- _About this task_
Pictures appear among the records below and must be omitted. Repeat exactly the lines from the line with "May include: White" to the line with "soft romantic custom", both included.

- _Data shown_
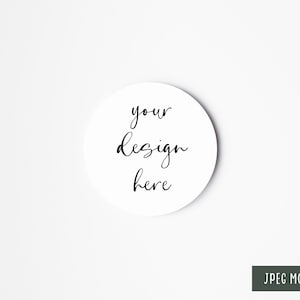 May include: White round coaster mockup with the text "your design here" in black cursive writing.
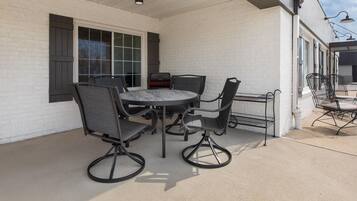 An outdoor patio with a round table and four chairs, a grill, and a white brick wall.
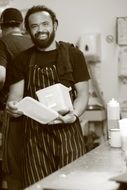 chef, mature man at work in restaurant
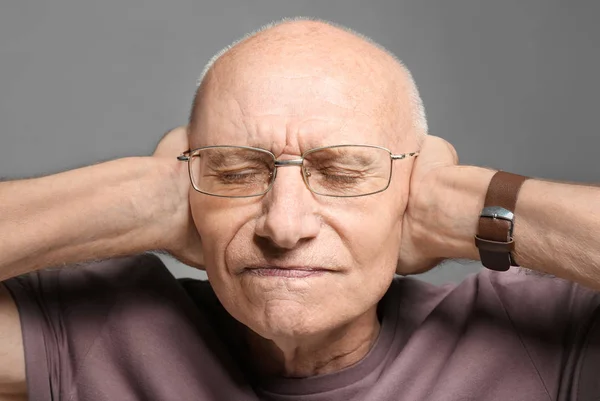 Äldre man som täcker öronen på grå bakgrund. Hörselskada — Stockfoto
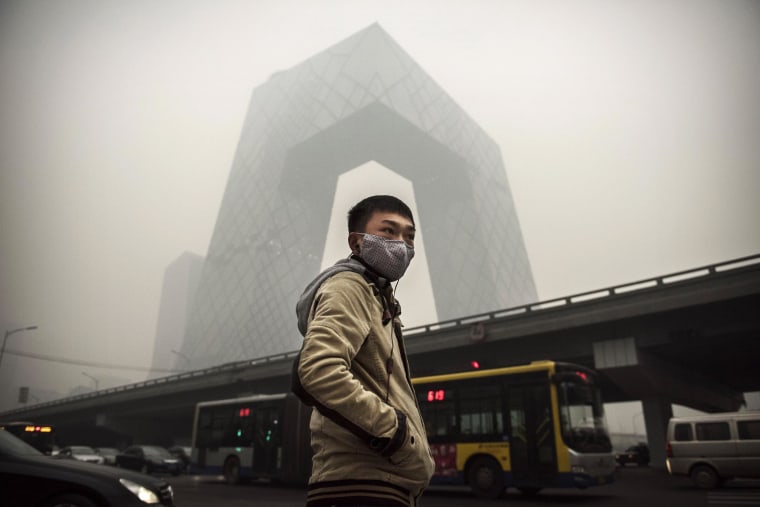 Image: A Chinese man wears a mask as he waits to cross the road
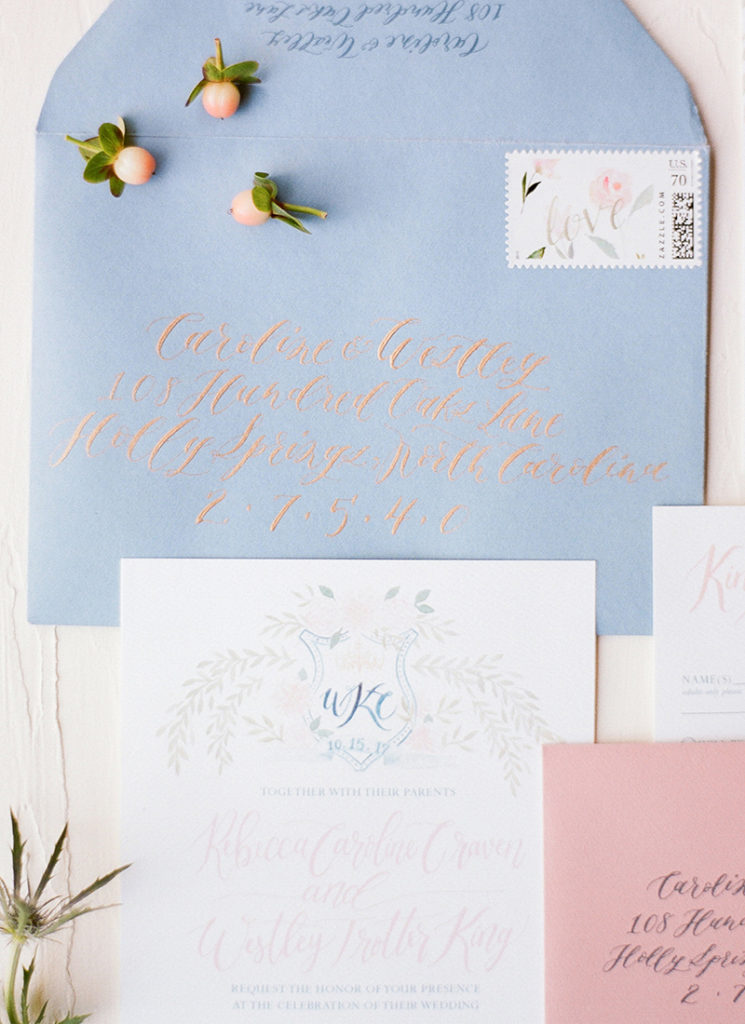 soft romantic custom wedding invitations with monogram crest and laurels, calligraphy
* * *
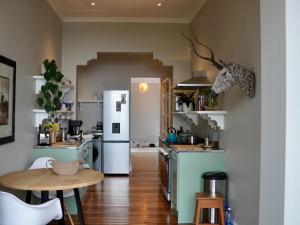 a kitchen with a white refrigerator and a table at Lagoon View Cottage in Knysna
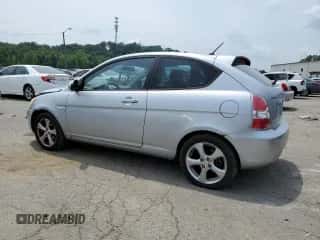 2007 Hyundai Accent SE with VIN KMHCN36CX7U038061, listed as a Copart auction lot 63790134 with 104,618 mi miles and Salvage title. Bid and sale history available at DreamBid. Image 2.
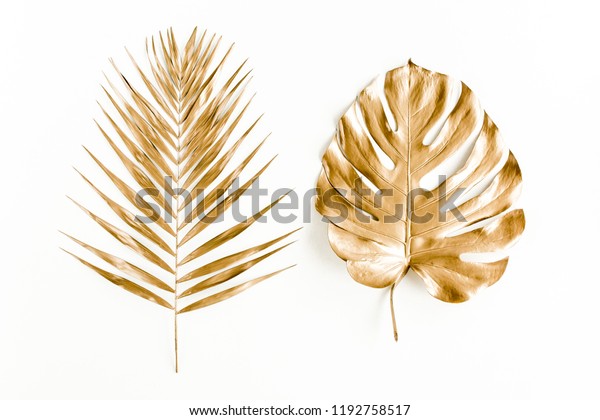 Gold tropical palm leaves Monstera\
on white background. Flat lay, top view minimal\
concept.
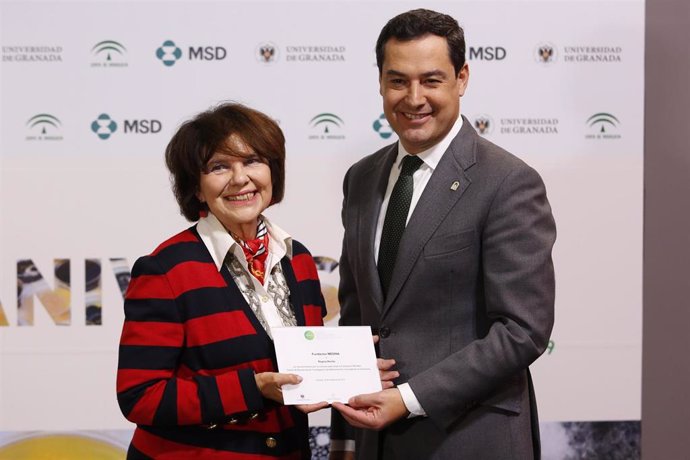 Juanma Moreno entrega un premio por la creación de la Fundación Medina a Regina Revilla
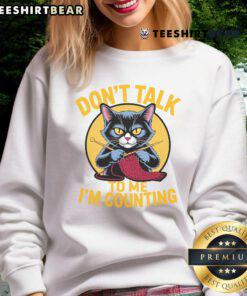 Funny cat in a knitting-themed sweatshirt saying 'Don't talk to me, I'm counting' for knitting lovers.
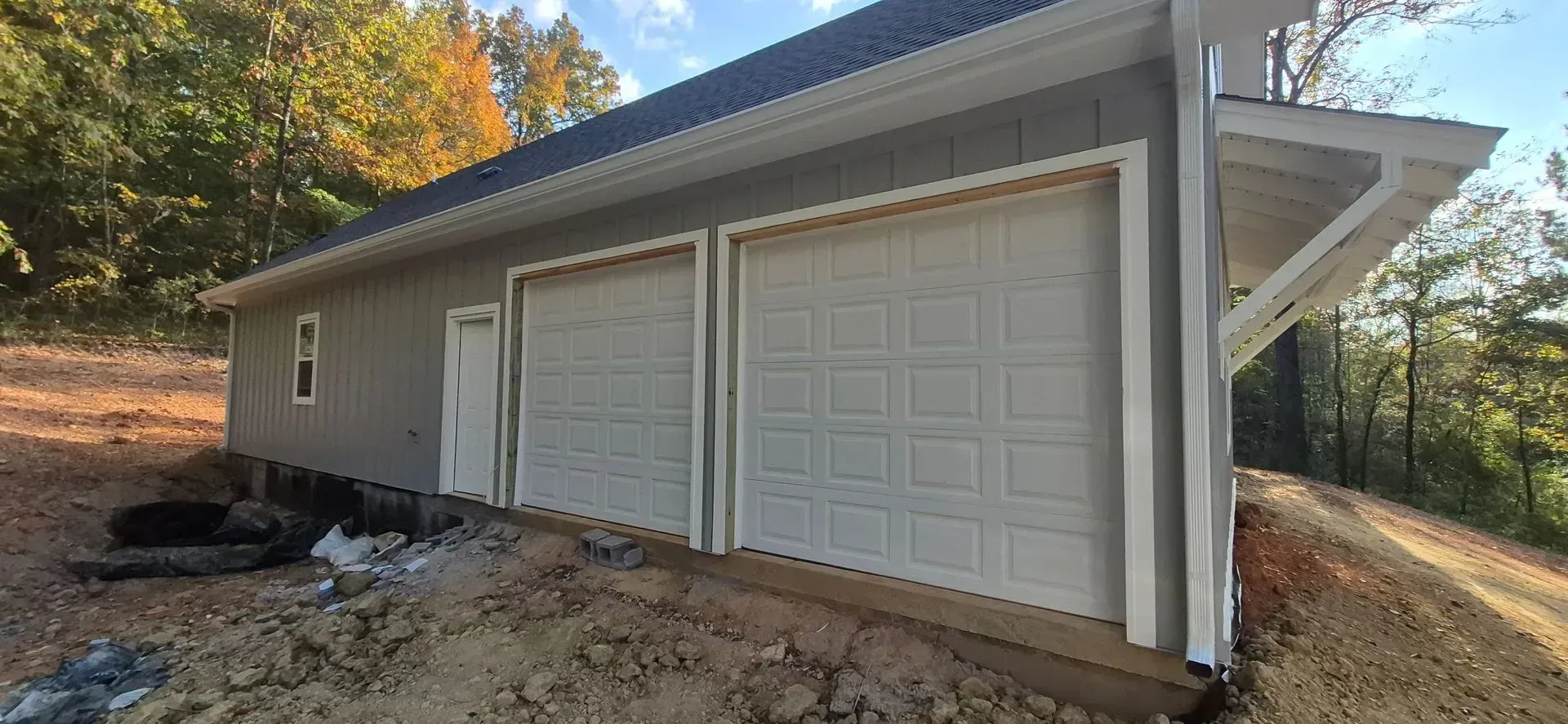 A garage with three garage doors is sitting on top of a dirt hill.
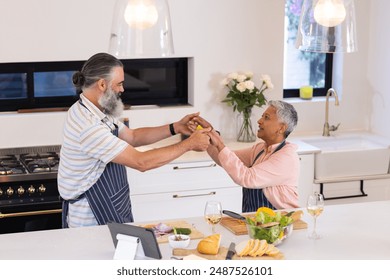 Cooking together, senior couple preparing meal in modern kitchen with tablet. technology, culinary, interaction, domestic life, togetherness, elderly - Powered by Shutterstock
...
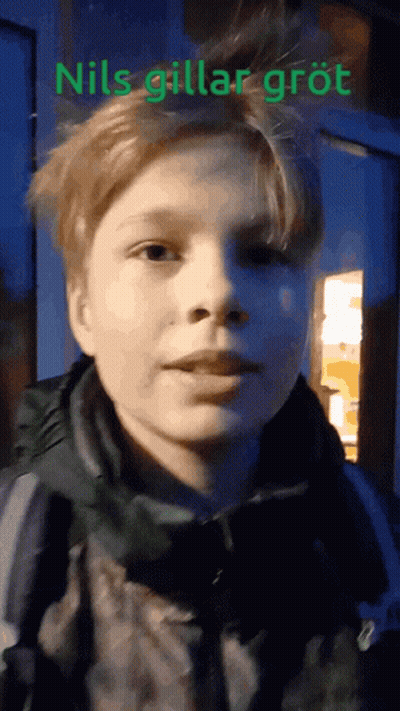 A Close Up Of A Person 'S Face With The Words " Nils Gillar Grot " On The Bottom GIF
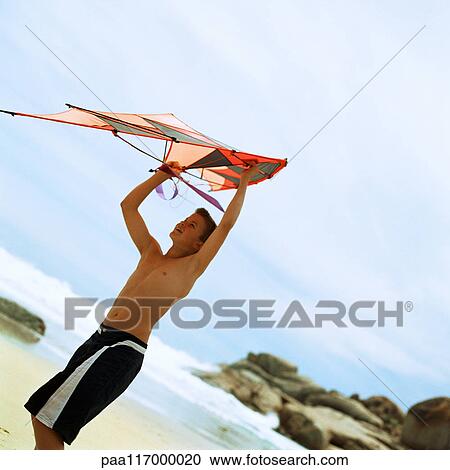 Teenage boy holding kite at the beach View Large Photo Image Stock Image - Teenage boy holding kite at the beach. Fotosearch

- _Written answer_
 May include: White round coaster mockup with the text "your design here" in black cursive writing.
 An outdoor patio with a round table and four chairs, a grill, and a white brick wall.
 chef, mature man at work in restaurant
 Äldre man som täcker öronen på grå bakgrund. Hörselskada — Stockfoto
 Image: A Chinese man wears a mask as he waits to cross the road
 soft romantic custom wedding invitations with monogram crest and laurels, calligraphy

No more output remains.